We keep solving the same problem over and over. std.internal.scopebuffer does this handily. It's what it was designed for - it works, it's fast, and it virtually eliminates the need for heap allocations. Best of all, it's an Output Range, meaning it fits in with the range design of Phobos.

November 01, 2014
On Saturday, 1 November 2014 at 07:02:03 UTC, Walter Bright wrote:
> On 10/30/2014 8:30 AM, Steven Schveighoffer wrote:
>> This is a typical mechanism that Tango used -- pass in a ref to a dynamic array
>> referencing a stack buffer. If it needed to grow, just update the length, and it
>> moves to the heap. In most cases, the stack buffer is enough. But the idea is to
>> try and minimize the GC allocations, which are performance killers on the
>> current platforms.
>
> We keep solving the same problem over and over. std.internal.scopebuffer does this handily. It's what it was designed for - it works, it's fast, and it virtually eliminates the need for heap allocations. Best of all, it's an Output Range, meaning it fits in with the range design of Phobos.

It is not the same thing as ref/out buffer argument. We have been running ping-pong comments about it for a several times now. All std.internal.scopebuffer does is reducing heap allocation count at cost of stack consumption (and switching to raw malloc for heap) - it does not change big-O estimate of heap allocations unless it is used as a buffer argument - at which point it is no better than plain array.
November 01, 2014
On Saturday, 1 November 2014 at 06:04:56 UTC, Jakob Ovrum wrote:
> On Saturday, 1 November 2014 at 05:27:16 UTC, Jonathan Marler wrote:
>> No need for the extra function, just call:
>>
>> x.toString(&(outputRange.put));
>
> That doesn't work for a wide variety of possible cases, notably when `put` is a function template or when the code depends on std.range.put or some other UFCS `put` function. As such, it should be avoided in generic code, and then you might as well avoid it in general, lest your algorithm unnecessarily ends up breaking with output ranges you didn't test for after refactoring.
>
> (Note that parantheses are not required in your example)

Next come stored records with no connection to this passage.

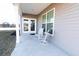 Inviting covered porch with rocking chairs, a perfect spot for enjoying the outdoors at 112 Edisto Crossing Ct, Ridgeville, SC 29472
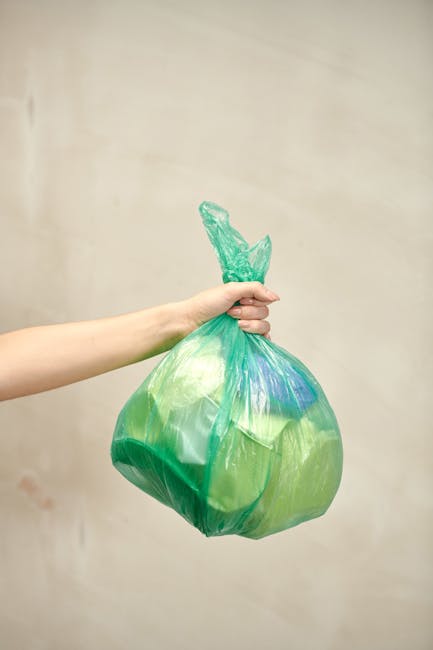 A person's hand and forearm are visible, holding a green plastic rubbish bag by its tied top. The bag appears semi-full with visible bulges indicating contents inside, and it has a smooth, slightly glossy surface. The background is a plain, light-colored wall, creating a neutral environment for the image. The scene suggests an act of waste disposal or rubbish collection, potentially related to private waste handling services such as those offered by Waste Disposal Dulwich. The bag's size and the way it is being held imply it is intended for removal, fitting within the context of rubbish clearance. There are no additional objects or environmental details visible, keeping the focus on the waste bag and the act of rubbish disposal, which aligns with themes of independent collection or alternative waste management methods.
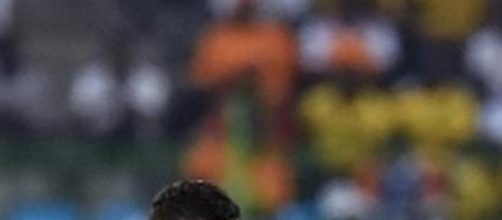 Moting takes on Guinea's defender Constant 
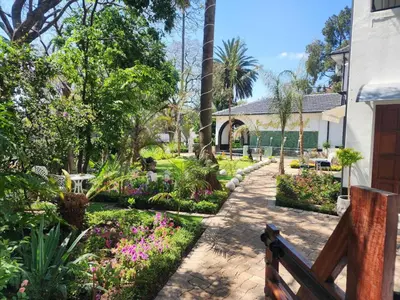 a bench in a garden with flowers and plants at C'est La Vie Boutique Hotel in Witbank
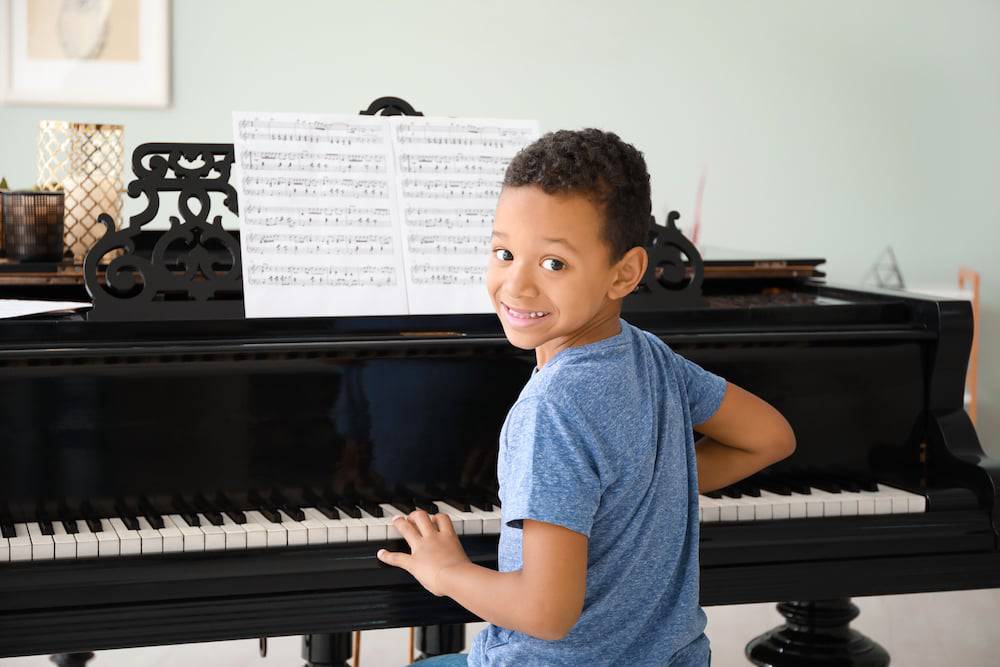 A happy young boy learning the piano in his living room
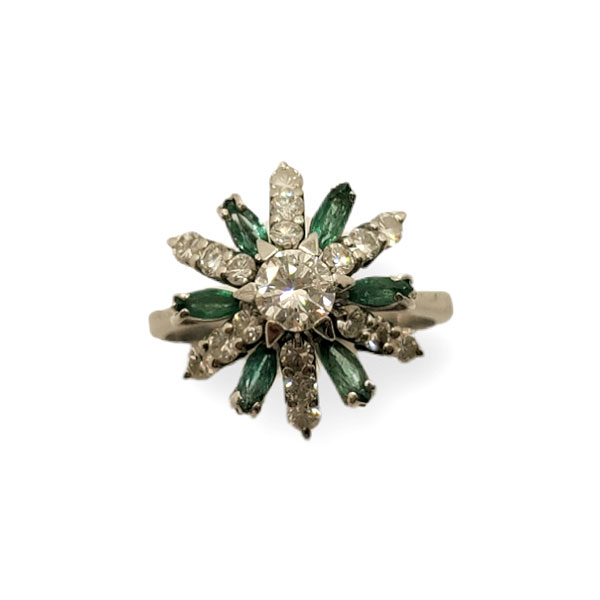 Sortija en oro blanco de 18k con un diamante central talla brillante y esmeraldas talla marquesa.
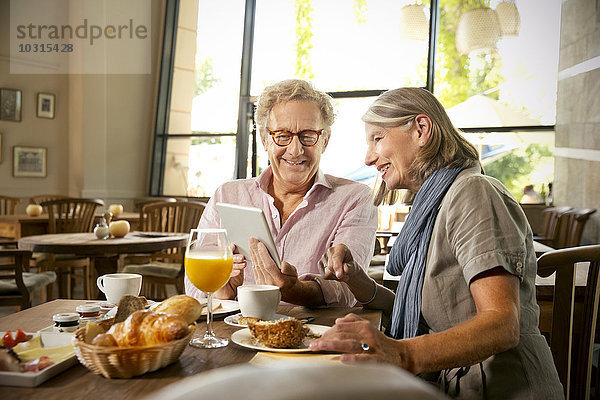 Lächelndes Seniorenpaar mit digitalem Tablett beim Frühstück im Café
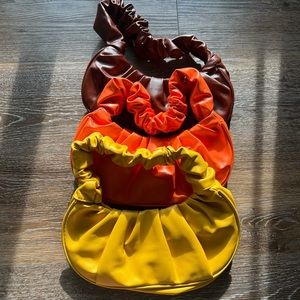 Yellow, orange , and brown Multipack of hand held or shoulder bags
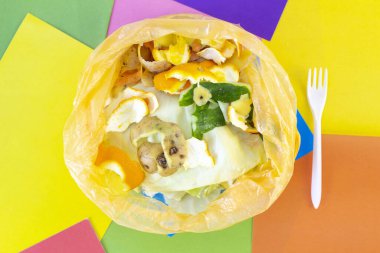 Çöp, plastik poşetteki yiyecek atıkları, renkli ve soyut bir arkaplanda. Dünya gezegeninin ekolojisi ve kirliliği. Çöpleri ayıklıyorum. Plastik çatal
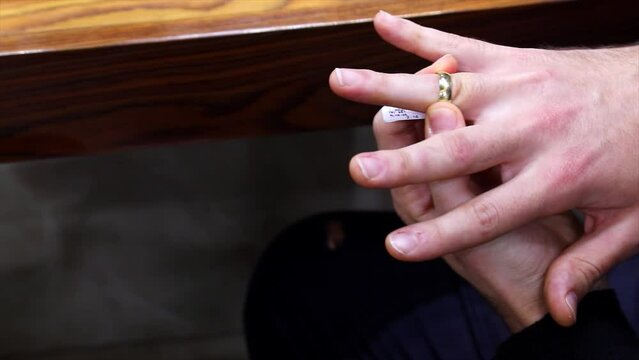hands of woman wearing wedding ring on her finger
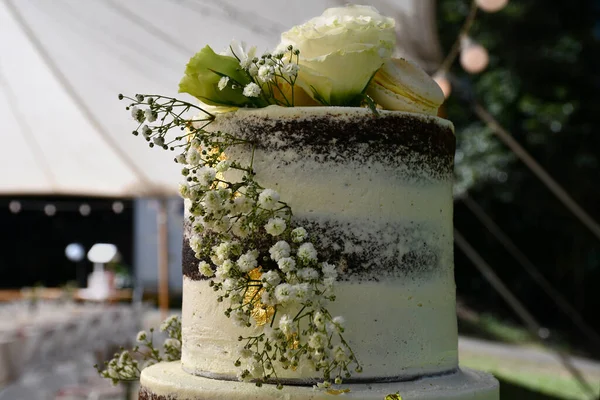 White gypsophila (or baby\'s breath) and white roses decorate the top tier of a white and chocolate wedding cake. A cream macaroon with yellow filling is among the flowers. The focus is on the foreground.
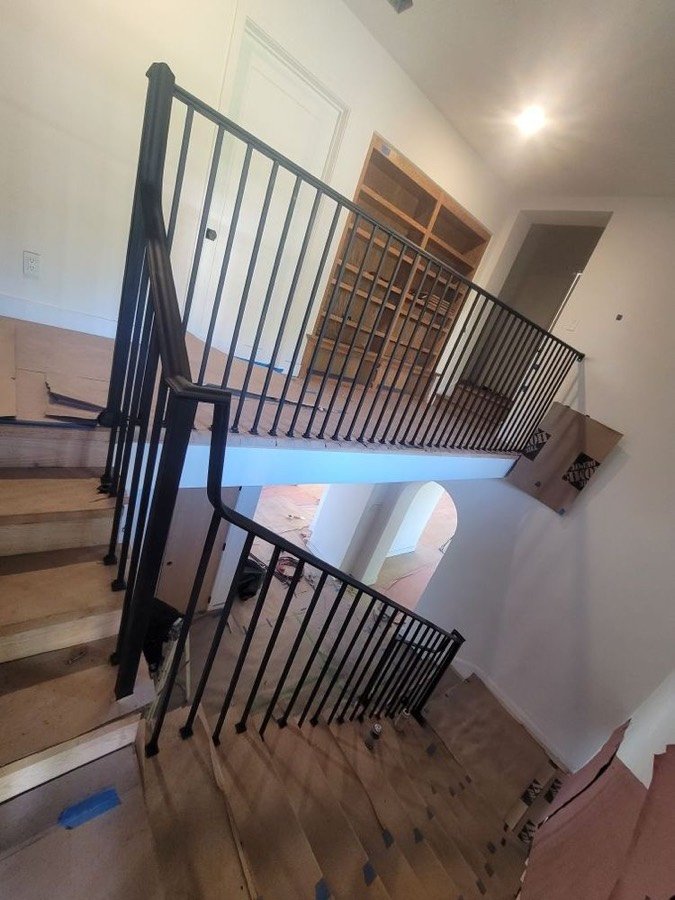 Interior stairwell steel railing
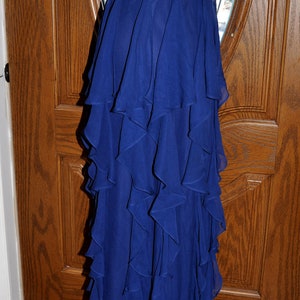 Puede incluir: Un vestido largo azul real sin tirantes con una falda con volantes en capas. El corpi&ntilde;o tiene un adorno de cuentas en la cintura. El vestido se exhibe en un maniqu&iacute;.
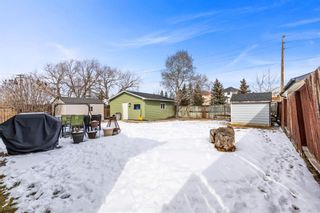 Photo 4: 411 Queensland Circle SE in Calgary: Queensland Detached for sale : MLS®# A1193029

Ah yes, you are right that this wouldn't work in generic code.  Meaning, if the code calling toString was itself a template accepting output ranges, then many times the &outputRange.put wouldn't work.  In this case I think the anonymous function is a good way to go.  I was more thinking of the case where the code calling toString was user code where the outputRange was a known type.  Thanks for catching my silly assumption.
November 01, 2014
On Saturday, 1 November 2014 at 12:31:15 UTC, Dicebot wrote:
> On Saturday, 1 November 2014 at 07:02:03 UTC, Walter Bright wrote:
>> On 10/30/2014 8:30 AM, Steven Schveighoffer wrote:
>>> This is a typical mechanism that Tango used -- pass in a ref to a dynamic array
>>> referencing a stack buffer. If it needed to grow, just update the length, and it
>>> moves to the heap. In most cases, the stack buffer is enough. But the idea is to
>>> try and minimize the GC allocations, which are performance killers on the
>>> current platforms.
>>
>> We keep solving the same problem over and over. std.internal.scopebuffer does this handily. It's what it was designed for - it works, it's fast, and it virtually eliminates the need for heap allocations. Best of all, it's an Output Range, meaning it fits in with the range design of Phobos.
>
> It is not the same thing as ref/out buffer argument. We have been running ping-pong comments about it for a several times now. All std.internal.scopebuffer does is reducing heap allocation count at cost of stack consumption (and switching to raw malloc for heap) - it does not change big-O estimate of heap allocations unless it is used as a buffer argument - at which point it is no better than plain array.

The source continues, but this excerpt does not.